#### ACTION ITEM:
Count, in the entries, the lines with "from". Answer with the number only.

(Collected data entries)

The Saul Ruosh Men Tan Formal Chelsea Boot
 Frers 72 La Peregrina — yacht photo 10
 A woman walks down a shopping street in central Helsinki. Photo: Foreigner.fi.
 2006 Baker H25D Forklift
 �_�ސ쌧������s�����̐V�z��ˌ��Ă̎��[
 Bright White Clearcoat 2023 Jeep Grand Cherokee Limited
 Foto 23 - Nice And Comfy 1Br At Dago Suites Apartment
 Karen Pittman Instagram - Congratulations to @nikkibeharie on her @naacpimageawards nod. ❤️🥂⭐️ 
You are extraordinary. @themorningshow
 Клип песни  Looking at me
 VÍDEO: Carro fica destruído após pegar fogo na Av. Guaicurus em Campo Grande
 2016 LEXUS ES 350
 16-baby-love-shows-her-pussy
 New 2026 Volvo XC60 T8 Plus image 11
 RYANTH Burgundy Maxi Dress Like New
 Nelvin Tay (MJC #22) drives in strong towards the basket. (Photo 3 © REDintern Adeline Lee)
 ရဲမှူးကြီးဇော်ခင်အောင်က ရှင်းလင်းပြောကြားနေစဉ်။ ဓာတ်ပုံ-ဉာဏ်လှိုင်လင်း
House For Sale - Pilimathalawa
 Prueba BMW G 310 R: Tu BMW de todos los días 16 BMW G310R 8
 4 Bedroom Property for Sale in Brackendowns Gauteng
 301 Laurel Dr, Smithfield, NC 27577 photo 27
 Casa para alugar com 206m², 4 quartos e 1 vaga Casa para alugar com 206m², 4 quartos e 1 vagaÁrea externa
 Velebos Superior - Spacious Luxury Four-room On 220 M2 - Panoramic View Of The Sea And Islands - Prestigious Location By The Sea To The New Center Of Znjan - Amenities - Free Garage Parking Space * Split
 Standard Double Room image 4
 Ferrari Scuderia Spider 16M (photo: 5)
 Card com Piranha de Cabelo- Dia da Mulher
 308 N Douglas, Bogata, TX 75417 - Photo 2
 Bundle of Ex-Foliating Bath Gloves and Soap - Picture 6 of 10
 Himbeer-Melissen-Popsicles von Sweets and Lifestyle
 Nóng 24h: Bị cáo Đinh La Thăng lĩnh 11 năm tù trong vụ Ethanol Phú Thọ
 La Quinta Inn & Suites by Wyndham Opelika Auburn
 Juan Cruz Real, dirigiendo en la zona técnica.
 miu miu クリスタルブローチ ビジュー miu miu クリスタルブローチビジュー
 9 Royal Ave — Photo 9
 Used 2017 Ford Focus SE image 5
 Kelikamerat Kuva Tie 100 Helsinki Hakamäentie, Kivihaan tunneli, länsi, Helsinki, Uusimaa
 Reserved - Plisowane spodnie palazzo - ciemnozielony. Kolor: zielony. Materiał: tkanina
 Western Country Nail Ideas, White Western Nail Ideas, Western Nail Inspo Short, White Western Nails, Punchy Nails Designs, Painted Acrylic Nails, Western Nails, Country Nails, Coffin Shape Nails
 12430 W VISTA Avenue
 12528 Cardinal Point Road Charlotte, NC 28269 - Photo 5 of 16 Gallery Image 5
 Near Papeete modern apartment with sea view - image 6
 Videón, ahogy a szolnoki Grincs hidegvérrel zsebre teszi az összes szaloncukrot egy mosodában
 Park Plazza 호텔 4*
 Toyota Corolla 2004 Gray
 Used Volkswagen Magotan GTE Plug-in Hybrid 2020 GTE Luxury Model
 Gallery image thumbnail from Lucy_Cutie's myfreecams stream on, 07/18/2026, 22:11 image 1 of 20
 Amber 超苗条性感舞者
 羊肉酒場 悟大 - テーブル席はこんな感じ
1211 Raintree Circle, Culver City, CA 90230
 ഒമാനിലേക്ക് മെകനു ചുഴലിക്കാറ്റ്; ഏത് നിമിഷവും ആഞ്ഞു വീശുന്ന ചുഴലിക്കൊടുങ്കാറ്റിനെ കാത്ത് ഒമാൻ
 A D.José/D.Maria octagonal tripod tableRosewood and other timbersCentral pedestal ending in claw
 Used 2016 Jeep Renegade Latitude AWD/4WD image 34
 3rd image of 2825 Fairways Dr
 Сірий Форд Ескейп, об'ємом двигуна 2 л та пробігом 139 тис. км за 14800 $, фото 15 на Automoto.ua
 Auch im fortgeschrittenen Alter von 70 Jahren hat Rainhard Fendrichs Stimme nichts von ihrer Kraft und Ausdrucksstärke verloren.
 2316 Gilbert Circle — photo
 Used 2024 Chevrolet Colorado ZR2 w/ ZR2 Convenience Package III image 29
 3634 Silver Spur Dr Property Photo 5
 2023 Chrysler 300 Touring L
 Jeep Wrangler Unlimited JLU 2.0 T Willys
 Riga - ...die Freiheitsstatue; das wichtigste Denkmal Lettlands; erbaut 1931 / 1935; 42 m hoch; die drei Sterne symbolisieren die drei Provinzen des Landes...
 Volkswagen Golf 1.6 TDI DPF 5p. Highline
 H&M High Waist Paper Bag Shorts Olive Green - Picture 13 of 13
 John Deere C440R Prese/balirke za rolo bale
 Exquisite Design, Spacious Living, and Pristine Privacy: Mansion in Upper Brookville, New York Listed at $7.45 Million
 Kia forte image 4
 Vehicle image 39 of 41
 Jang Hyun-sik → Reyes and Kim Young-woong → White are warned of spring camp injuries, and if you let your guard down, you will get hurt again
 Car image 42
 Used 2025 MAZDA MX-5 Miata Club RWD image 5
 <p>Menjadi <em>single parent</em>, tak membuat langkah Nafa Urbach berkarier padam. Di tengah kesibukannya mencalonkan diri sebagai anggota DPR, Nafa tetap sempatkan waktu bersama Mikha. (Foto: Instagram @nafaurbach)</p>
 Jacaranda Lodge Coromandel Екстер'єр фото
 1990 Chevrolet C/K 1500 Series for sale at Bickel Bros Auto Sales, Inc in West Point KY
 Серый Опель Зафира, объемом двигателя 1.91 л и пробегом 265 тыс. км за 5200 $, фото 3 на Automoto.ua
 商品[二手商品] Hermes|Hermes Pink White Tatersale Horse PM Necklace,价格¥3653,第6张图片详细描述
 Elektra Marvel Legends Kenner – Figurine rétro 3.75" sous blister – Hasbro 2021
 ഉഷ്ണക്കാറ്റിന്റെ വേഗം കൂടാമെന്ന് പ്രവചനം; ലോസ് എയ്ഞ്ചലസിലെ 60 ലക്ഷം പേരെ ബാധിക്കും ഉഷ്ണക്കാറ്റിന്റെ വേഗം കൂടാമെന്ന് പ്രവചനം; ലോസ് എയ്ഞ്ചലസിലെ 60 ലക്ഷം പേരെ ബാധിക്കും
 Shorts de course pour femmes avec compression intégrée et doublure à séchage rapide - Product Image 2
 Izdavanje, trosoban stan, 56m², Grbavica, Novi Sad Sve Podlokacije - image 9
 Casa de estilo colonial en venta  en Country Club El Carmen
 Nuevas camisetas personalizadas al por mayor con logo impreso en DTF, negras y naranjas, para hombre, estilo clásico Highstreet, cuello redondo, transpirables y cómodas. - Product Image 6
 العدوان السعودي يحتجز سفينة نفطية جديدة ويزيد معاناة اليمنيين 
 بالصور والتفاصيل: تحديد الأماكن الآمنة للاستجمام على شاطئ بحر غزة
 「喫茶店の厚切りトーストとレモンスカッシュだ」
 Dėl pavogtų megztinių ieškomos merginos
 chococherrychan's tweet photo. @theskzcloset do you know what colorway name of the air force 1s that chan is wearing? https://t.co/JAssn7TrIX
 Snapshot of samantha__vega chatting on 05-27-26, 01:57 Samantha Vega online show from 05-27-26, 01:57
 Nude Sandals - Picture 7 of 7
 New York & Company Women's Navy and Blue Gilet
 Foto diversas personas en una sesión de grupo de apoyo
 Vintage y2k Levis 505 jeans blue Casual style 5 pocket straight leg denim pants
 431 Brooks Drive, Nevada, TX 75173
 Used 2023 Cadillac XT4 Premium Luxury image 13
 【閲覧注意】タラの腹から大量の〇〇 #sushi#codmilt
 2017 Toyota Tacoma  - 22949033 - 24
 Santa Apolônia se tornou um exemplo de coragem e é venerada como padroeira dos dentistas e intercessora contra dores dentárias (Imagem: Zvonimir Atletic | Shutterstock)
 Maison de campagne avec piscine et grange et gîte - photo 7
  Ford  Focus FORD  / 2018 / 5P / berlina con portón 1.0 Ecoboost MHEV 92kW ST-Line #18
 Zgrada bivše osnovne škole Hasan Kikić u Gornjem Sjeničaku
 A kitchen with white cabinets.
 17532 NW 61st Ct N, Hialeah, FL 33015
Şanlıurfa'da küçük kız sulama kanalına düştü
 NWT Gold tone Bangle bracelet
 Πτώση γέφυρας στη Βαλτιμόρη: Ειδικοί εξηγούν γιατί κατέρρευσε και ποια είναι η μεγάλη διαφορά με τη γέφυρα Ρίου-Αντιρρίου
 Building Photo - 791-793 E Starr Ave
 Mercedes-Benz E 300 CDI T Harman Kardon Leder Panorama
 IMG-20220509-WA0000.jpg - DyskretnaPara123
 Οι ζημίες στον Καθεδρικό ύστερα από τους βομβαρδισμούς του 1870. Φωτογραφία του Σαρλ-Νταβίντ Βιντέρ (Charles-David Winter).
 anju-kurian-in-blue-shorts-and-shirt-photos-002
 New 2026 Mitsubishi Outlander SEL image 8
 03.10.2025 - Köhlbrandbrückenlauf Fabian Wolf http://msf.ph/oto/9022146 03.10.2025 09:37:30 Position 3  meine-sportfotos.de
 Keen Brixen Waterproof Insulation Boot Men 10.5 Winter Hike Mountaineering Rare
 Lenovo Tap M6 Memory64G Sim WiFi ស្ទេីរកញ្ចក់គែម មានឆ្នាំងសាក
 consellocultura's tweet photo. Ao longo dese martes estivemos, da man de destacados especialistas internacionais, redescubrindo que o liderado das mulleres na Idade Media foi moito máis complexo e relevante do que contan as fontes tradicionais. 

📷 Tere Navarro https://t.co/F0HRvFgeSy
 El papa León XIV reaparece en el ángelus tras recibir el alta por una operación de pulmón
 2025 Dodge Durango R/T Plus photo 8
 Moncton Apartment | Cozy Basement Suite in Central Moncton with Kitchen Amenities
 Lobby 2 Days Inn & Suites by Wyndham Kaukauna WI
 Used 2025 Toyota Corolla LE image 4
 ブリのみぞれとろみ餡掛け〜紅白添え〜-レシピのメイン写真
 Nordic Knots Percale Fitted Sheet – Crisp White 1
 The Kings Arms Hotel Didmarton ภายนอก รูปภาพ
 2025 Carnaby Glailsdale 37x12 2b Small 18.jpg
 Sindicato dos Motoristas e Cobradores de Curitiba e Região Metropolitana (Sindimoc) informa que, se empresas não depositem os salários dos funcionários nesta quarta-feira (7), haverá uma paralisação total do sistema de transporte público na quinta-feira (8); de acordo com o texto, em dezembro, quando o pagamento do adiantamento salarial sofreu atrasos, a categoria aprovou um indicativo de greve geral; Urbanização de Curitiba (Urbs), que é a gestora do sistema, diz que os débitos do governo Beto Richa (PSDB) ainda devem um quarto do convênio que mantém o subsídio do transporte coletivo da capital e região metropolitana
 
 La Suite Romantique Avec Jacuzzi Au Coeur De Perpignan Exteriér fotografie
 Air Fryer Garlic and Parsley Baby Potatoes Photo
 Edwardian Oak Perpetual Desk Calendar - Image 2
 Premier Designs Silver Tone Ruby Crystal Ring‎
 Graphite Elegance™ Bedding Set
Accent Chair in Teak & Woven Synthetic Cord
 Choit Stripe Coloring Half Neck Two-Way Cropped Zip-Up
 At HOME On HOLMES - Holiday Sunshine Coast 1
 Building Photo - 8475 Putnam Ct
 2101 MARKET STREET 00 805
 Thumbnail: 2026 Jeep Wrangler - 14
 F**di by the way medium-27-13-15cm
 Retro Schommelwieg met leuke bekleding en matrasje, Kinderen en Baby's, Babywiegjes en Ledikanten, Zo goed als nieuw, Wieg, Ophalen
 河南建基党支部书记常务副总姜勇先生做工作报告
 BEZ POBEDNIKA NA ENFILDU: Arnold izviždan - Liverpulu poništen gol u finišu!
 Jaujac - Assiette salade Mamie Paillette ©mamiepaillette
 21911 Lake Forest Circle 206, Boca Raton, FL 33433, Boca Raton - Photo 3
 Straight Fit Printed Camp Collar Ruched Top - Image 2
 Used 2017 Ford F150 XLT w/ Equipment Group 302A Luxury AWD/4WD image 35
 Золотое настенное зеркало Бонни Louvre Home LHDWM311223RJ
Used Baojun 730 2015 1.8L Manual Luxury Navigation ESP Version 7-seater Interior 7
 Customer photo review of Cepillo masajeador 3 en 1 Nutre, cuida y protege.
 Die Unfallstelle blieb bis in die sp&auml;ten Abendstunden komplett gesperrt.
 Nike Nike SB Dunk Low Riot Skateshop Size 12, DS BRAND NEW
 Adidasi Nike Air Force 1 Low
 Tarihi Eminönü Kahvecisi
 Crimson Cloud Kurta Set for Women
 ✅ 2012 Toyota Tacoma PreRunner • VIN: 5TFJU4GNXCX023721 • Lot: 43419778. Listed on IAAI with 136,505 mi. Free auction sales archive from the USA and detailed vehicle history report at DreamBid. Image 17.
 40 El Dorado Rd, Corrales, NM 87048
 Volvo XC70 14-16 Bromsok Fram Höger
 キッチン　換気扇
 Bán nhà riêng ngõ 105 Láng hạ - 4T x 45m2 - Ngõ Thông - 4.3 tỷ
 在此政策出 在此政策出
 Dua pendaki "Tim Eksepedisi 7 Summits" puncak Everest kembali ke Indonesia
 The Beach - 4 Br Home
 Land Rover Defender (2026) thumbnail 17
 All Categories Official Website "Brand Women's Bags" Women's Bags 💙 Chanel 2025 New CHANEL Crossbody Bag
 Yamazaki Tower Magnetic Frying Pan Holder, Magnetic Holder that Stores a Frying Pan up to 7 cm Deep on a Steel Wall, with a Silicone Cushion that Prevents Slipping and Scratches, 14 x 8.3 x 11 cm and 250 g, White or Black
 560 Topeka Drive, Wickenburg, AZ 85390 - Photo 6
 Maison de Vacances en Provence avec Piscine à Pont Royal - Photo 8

#### RESULT OF THIS TASK:
3